He couldn’t say that he wasn’t tempted to check them out. His initial conviction wavered the farther he traveled, because it was an inescapable fact that he would have to face things that he had long tried to leave in the past. Yet he hadn’t shaken the epiphany he had had while lying in that abandoned cabin, that of all the places he had ever been, that shitty town had worked its way under his skin the most.

He made a deal with himself. If the going got too dangerous, if winter came on too quickly, he would follow up one of those signs of life rather than perish in the passes of the Cascade Range.

**~*~**

It turned out that he made it to the outskirts of Beacon Hills just as the first snow of the season began to fall. The coywolf paused as the flakes fell in the hush of a dying afternoon. They came down, thick enough to cling to his skin and not melt in his breath.

He hurried on through a dead city.

Theo didn’t catch a scent of a human being. He didn’t catch a whiff of wood smoke. He didn’t hear the echo of a spoken word. On the other hand, he’d been in abandoned cities before, and they had been nothing like this. He came across no visible signs of the plague, not even bones. Death had brought with it chaos, and always there had been those who had died in the open, unable to make it to safety or succor.

Still, signs of decay were everywhere. Store windows were broken. Grass grew up between the cracks of the streets. Yet there was little sign of looting, and no abandoned cars blocked the roads. It was as if someone had tidied up after the apocalypse.

Theo went first to the McCall house. It had burned down to the ground. He studied the ruins, and as he did so he remembered the lessons that the Pathologist had taught him. It hadn’t been an accident. 
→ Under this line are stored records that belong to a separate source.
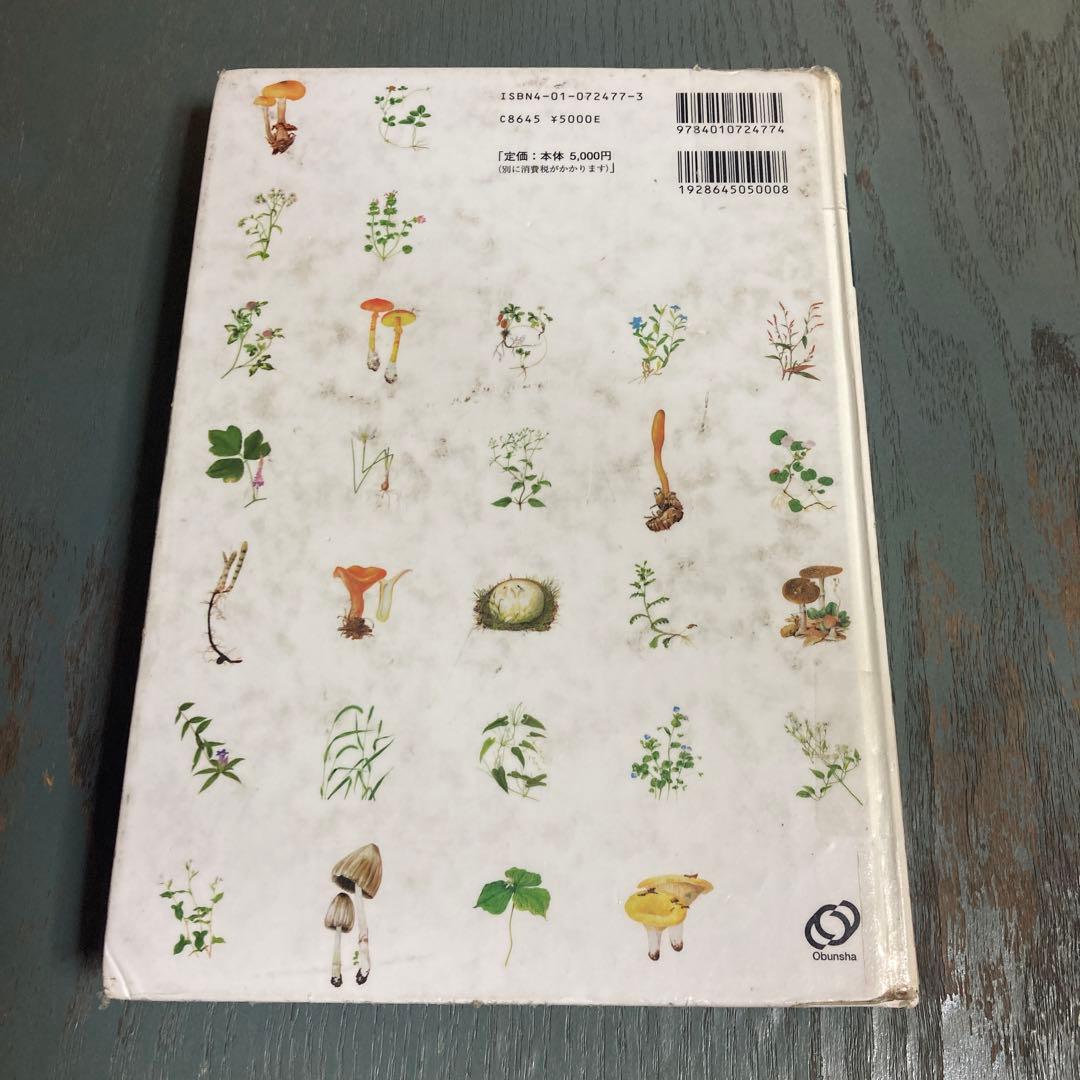 身近な野草とキノコ : 花のつくりがよくわかる植物観察図鑑 旺文社 松原巌樹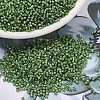 MIYUKI Delica Beads SEED-X0054-DB1786-1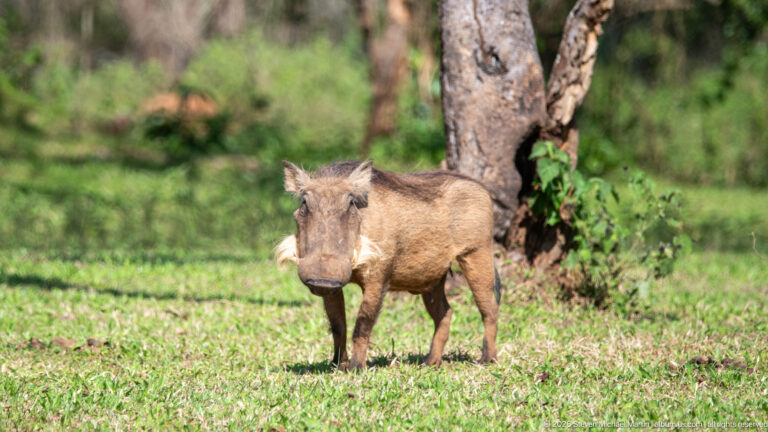 Common warthog standing front-facing in green grass beside a tree trunk.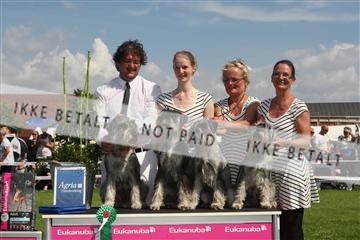 130370_se_03_IMG_7629.JPG
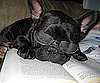 Pet Pic of the Day: That's Professor Mac to You!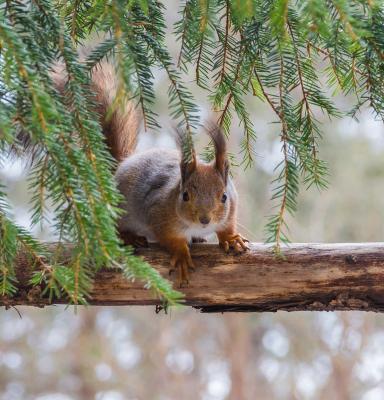 oksa orava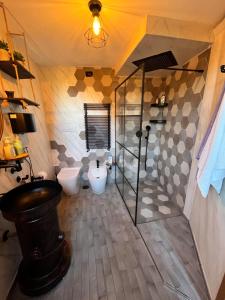 a bathroom with a shower and a toilet and a sink at Eco Home in Bracciano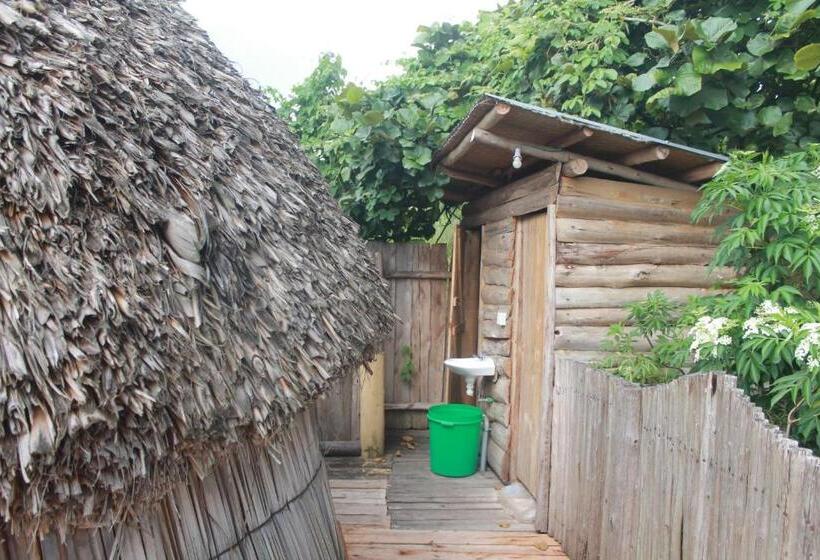 اتاق خانوادگی, Paradise Eco Hub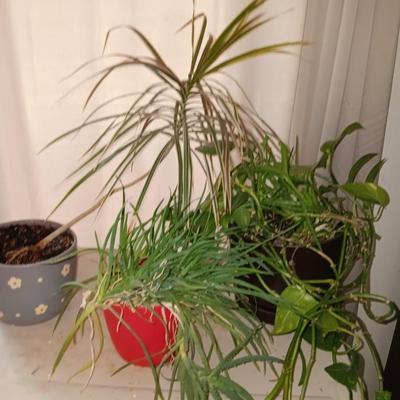 Three potted houseplants - Pathos - Aloe - Dracaena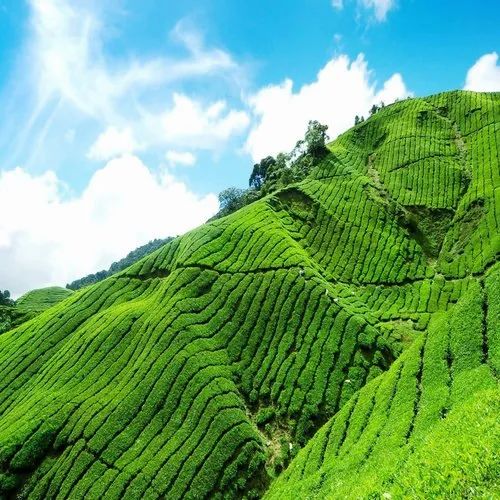 darjeeling tea garden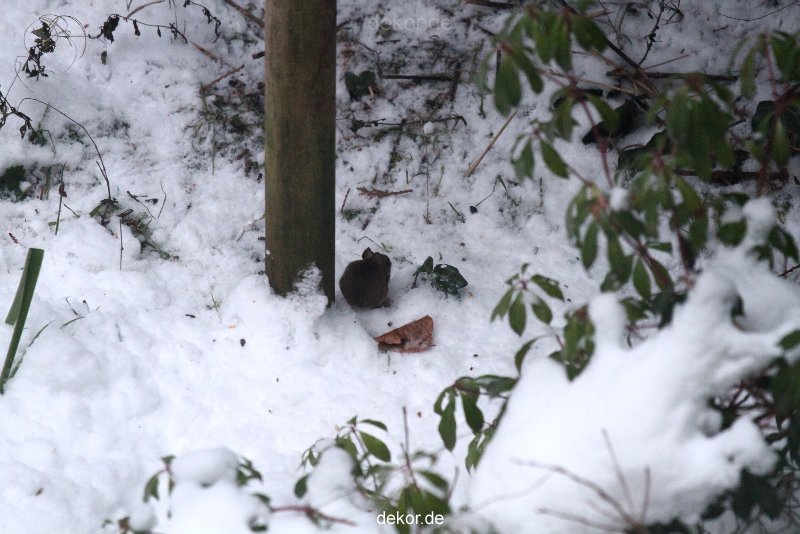 voegel-im-garten-2012-maus-winter-006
He picked his way among the ruins. He wouldn’t admit it to anyone else, but he had been looking forward to being in that home again. His nose couldn’t tell if anyone had been in the house when it burned. It had been too long.

He moved on as the shadows poured out of the alleys as the sun began to set. A fire didn’t mean that the worst had happened. There were other homes.

The Stilinski home: gone.

The Martin home: gone. 

The Dunbar home: gone. 

His pulse quickened as he realized that the fires had all been deliberate, and that only the homes of the pack had been burned this way. The houses next door, nearly identical, were untouched. He pushed on, and he felt icy fingers of fear grab at the scruff of his neck.

The Hewitt home: gone.

The Bryant home: gone.

The Tate home: gone. 

Ashes and timber, allowed to smolder with no one putting it out until it went out by himself. The damage was so thorough that no one who hadn’t lived here before could have said which families owned those homes. Could it been violence against the pack? He had witnesses such things happening: desperate humans had become aware that some people just didn’t get sick and in their rage and desperation, they turned to violence. But this didn’t fit the pattern. Stiles and Mason were – or had been – human. 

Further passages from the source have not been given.